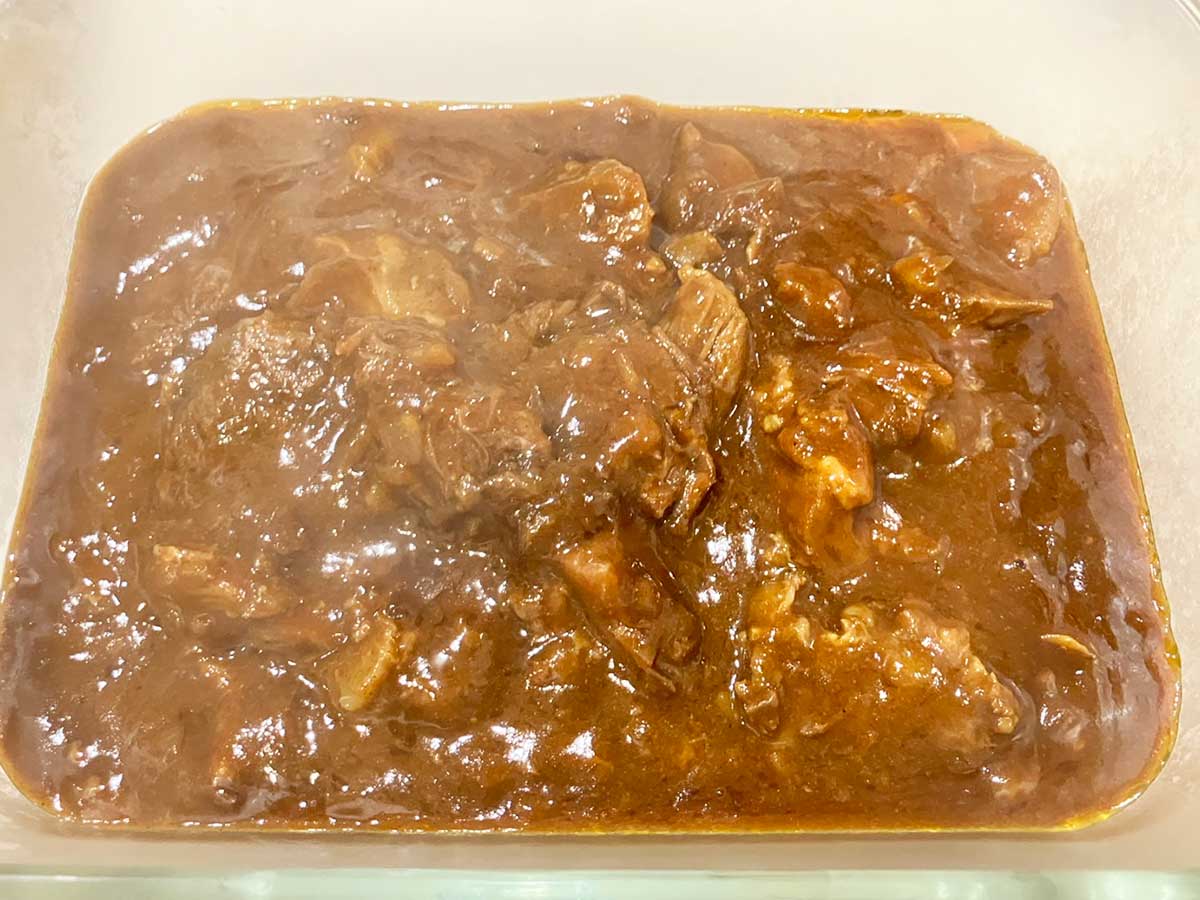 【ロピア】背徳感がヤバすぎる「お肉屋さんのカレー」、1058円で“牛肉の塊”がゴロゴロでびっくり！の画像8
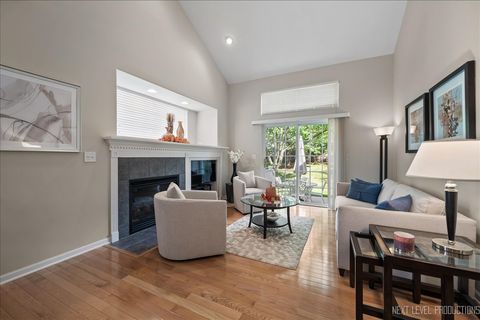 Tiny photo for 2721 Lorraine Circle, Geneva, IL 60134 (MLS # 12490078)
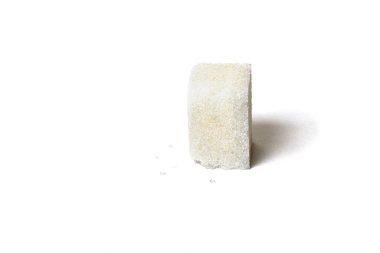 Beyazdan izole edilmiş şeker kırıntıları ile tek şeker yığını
...
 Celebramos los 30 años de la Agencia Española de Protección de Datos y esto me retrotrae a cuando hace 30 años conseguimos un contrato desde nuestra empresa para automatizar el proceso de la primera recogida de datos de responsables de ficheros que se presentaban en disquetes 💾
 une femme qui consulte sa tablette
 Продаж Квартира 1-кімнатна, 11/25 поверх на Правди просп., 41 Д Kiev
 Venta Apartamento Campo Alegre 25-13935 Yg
* * *
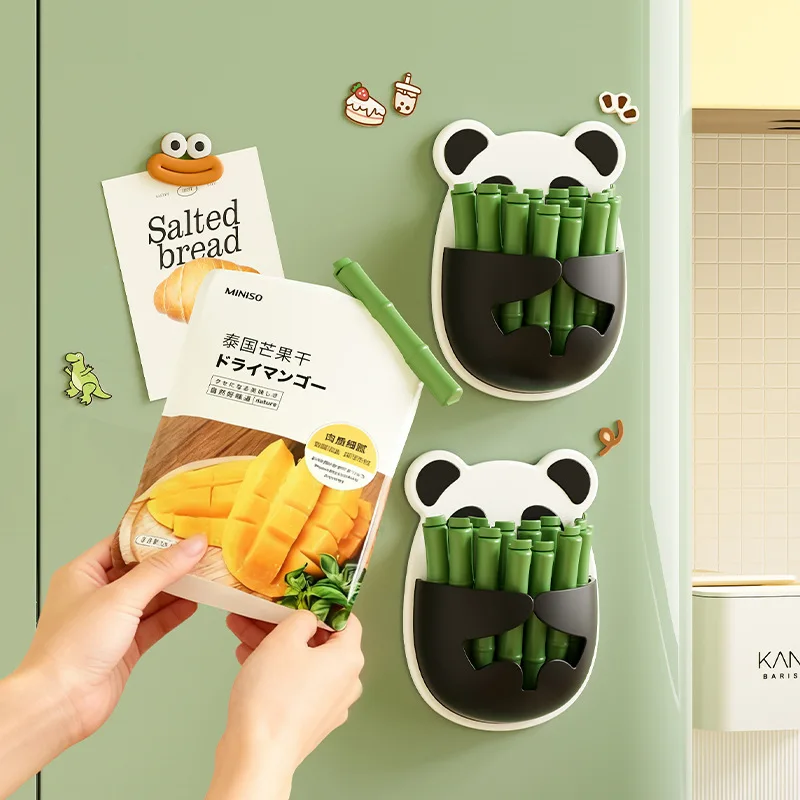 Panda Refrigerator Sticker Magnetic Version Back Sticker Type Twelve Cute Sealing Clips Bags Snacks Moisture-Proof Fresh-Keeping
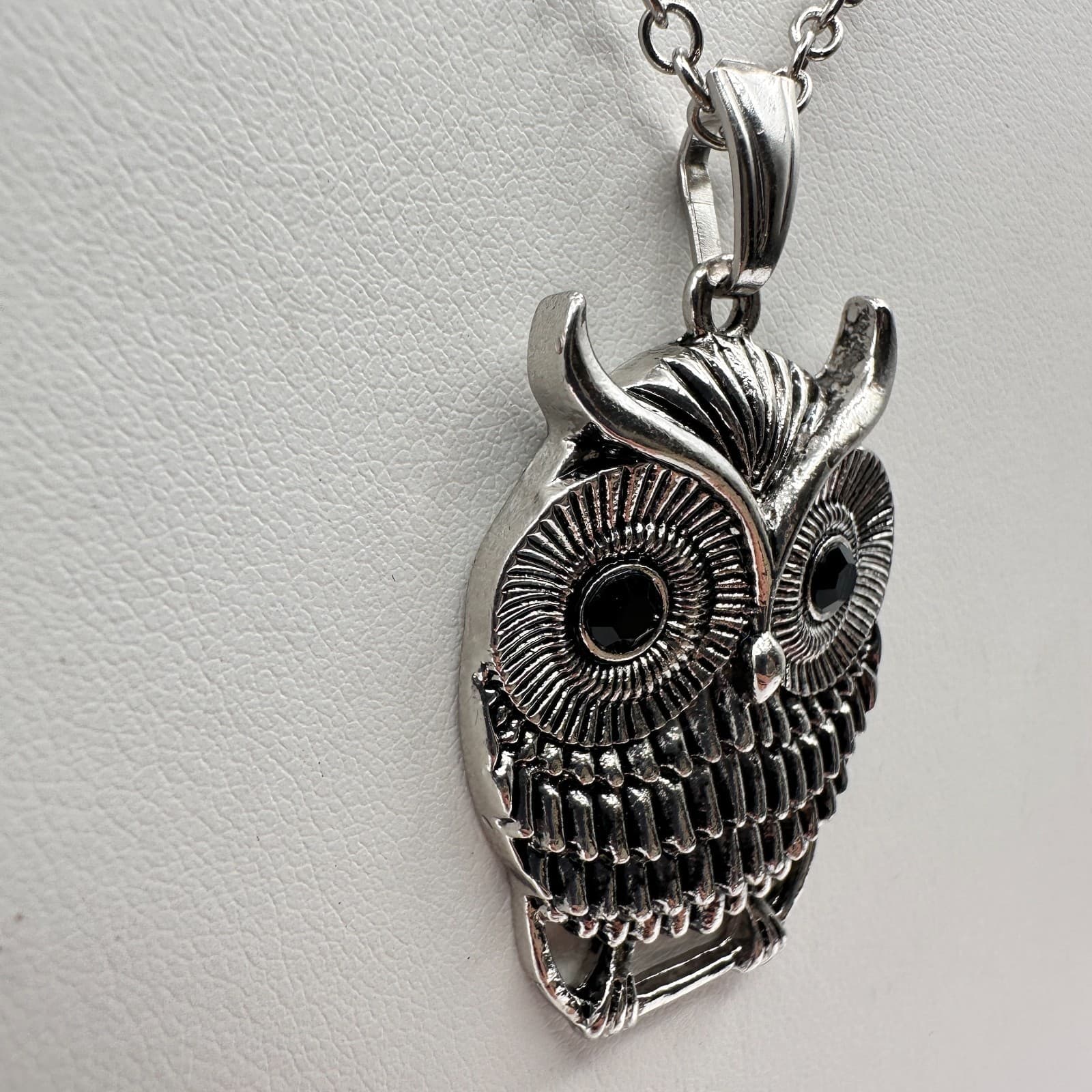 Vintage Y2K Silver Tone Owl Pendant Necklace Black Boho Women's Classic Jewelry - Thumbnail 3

**Task objective**
Exact copy, no pictures. Write out the lines in the entries above, starting with the line with "Panda Refrigerator Sticker" and going on through the line with "Vintage Y2K Silver", keeping both.

**Task output**
 Panda Refrigerator Sticker Magnetic Version Back Sticker Type Twelve Cute Sealing Clips Bags Snacks Moisture-Proof Fresh-Keeping
 Vintage Y2K Silver Tone Owl Pendant Necklace Black Boho Women's Classic Jewelry - Thumbnail 3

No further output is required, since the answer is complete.